Философствующий изверг — «просветитель» у Камю парадоксально прав против всех в мыслях, преступен перед всеми на деле. В споре с ним никто из его жертв не в силах опровергнуть доводы, которыми он подкрепляет свои надругательства. Рядом с логически безупречными умозаключениями Калигулы жалким лепетом кажется защита благоразумия и добропорядочности в устах придворных, перепуганных тем, что «наставлениями» сумасбродного владыки семейные нравы подорваны, устои государства шатаются, простонародье богохульствует. Но даже и те из бывших его советчиков, кто мыслит смело, бескорыстно, здраво, тоже не могут ничего толком противопоставить его сокрушительным выкладкам, попадают под их колдовские чары.
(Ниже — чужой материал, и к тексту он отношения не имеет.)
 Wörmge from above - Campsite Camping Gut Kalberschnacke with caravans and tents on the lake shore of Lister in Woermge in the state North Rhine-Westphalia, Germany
Где же в таком случае вина венценосного убийцы? И есть ли она вообще? Или это просто беда, горе от ума? Ведь выходит, что Калигула вроде бы мученик непререкаемой бытийной истины, жертва своей страсти быть верным ей до конца. И по крайней мере отчасти очищен тем, что готов искупить свою последовательность, заплатив собственной кровью за пролитую кровь и причиненные другим муки. Изнемогший под бременем неопровержимой смертельной логики, он сам подставляет грудь под кинжалы заговорщиков, когда они все-таки дерзнули взбунтоваться. Взыскуя невозможного в своем вызове вселенскому неблагоустройству, он пускает в ход имеющуюся у него возможность — нагромождать трупы и под конец швырнуть в общую груду свой собственный труп. Камю делает немало, чтобы заставить нас влезть в шкуру своего тирана от отчаяния, проникнуться пониманием этого «падшего ангела» изнутри — и вместе с тем он хотел бы предостеречь против бесовской одержимости Калигулы быть на свой лад цельным, породнить мысль и дело.
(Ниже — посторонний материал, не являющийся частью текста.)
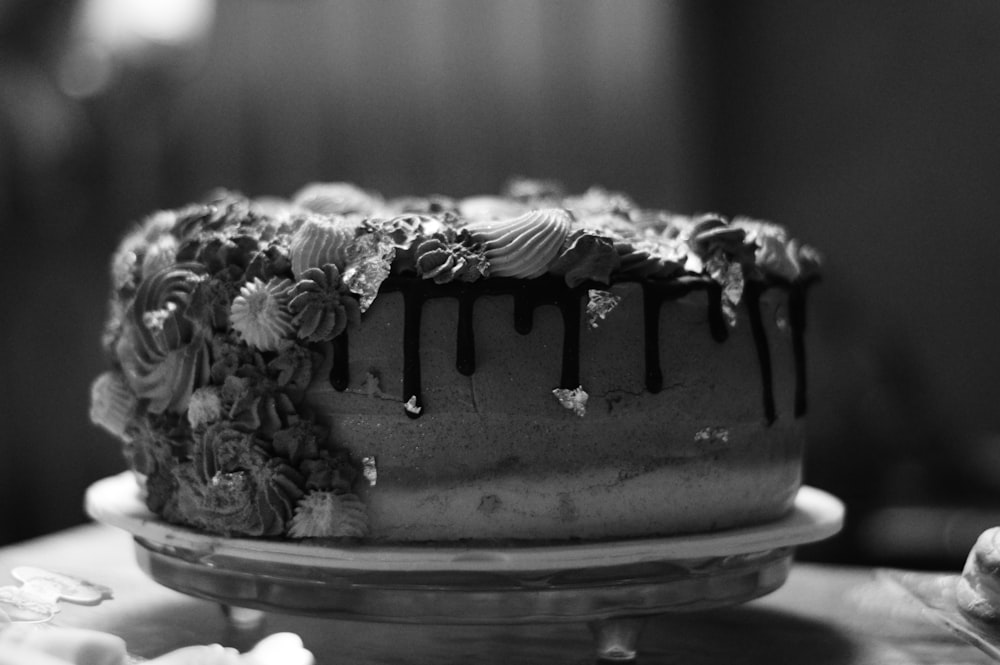 grayscale photo of chocolate cake with flower accent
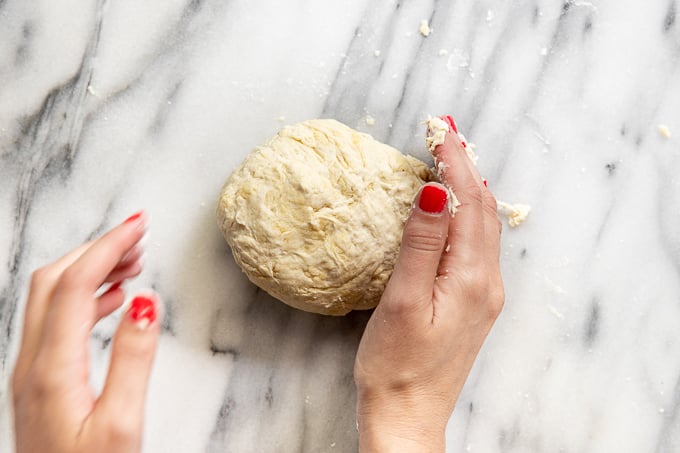 Hands shaping dough.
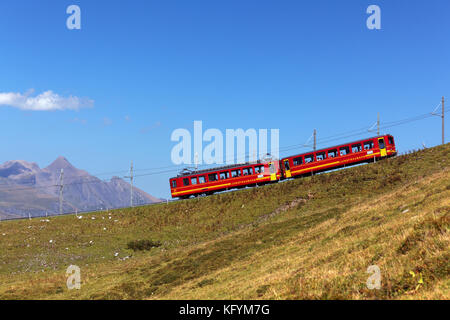 Rote Eisenbahnwaggons auf der Jungfrau-Bahn, Berner Oberland, Schweiz Stockfoto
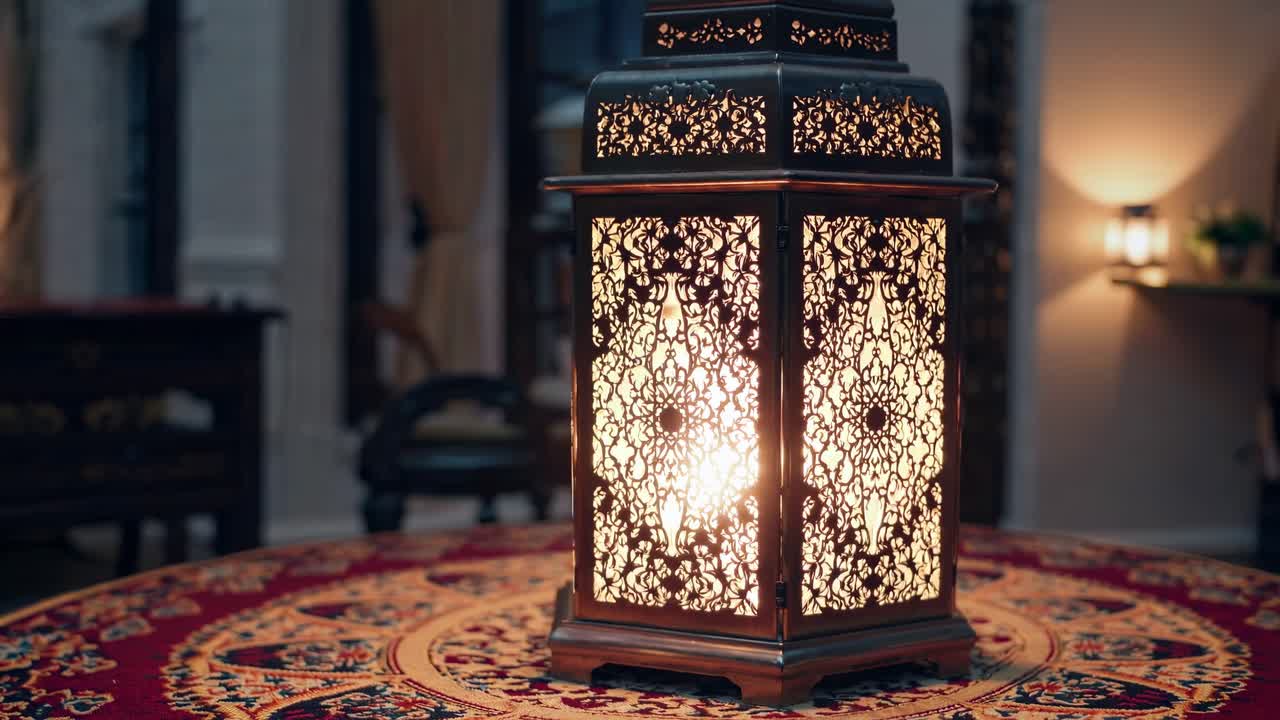 Warm light emanates from an intricately designed lantern, placed on a table adorned with a rich, patterned tablecloth, evoking the serene ambiance of Ramadan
История сама позаботилась о том, чтобы высветить коварнейшую нравственную двусмыслицу бунтаря против судьбы, сеющего смерть, и при первой же постановке трагедии в 1945 г. заставила перенести упор на его развенчание. В жути блуждающего взора Калигулы — Жерара Филипа зритель тогда без труда распознавал взгляд калигул со свастикой, совсем недавно бесчинствовавших во Франции. За этим постановочным сдвигом к однозначности, с тех пор обычным для попыток воссоздать «Калигулу» на театре, крылся серьезный пересмотр Камю своих отправных воззрений в промежутке между замыслом, восходящим к 1937–1938 гг., и появлением пьесы на подмостках. Судить впрямую об этой смене духовных вех под давлением обстоятельств военного лихолетья позволяет прежде всего эссеистика Камю.

5

Философский труд «Миф о Сизифе» убеждает, что в уста и «постороннего», и Калигулы Камю вложил многие из ключевых своих мыслей предвоенной поры. На страницах этого пространного «эссе об абсурде» они так или иначе повторены и обстоятельно растолкованы, а под самый конец еще и стянуты в тугой узел притчей — пересказом древнегреческих преданий о вечном труженике Сизифе.
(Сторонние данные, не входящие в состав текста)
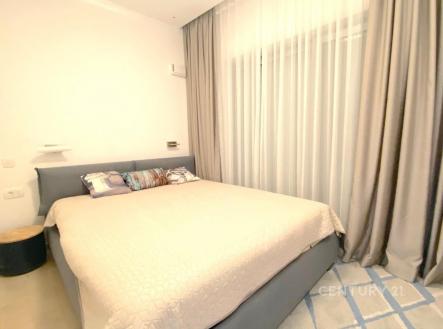 Prostorná ložnice s moderním nábytkem, velká manželská postel, světlé závěsy a parketová podlaha, elegantní a světlý interiér.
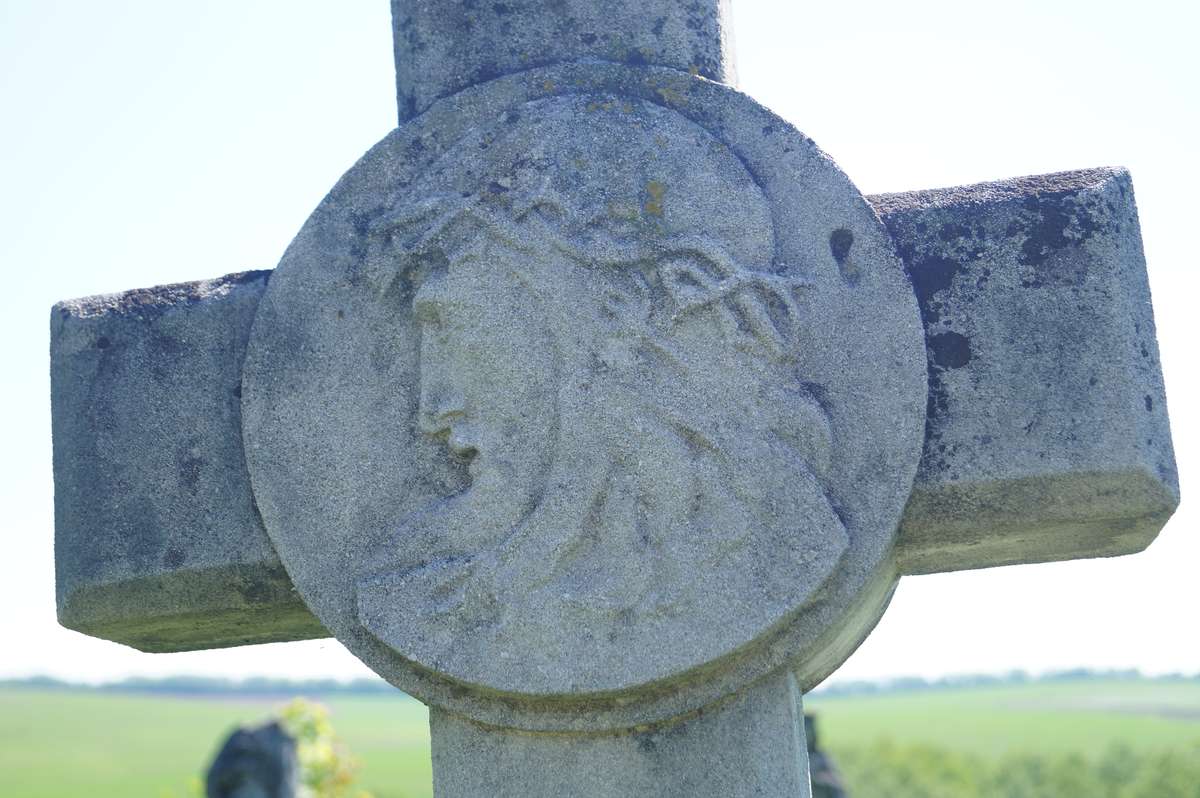 Bas-relief on the cross from the gravestone of Andrzej Wirga, cemetery in Łozowa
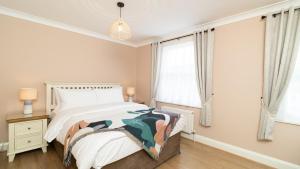 a bedroom with a bed and two windows at Lamington Apartments - Hammersmith in London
По легенде, мстительные боги обрекли Сизифа на бессрочную казнь. Он должен был вкатывать на гору обломок скалы, но, едва достигнув вершины, глыба срывалась, и все приходилось начинать сызнова. Спускаясь к подножью горы, Сизиф, каким он рисуется Камю, сознавал всю несправедливость выпавшей ему доли, и сама эта ясность ума уже была его победой. «Пролетарий богов, бессильный и бунтующий», не предавался стенаниям, не молил о пощаде, а презирал своих палачей. Свой тяжкий труд он превратил в обвинение их неправедности и свидетельство мощи несмиренного духа; в бессмыслицу внес смысл своим вызовом: «единственная правда — это непокорство».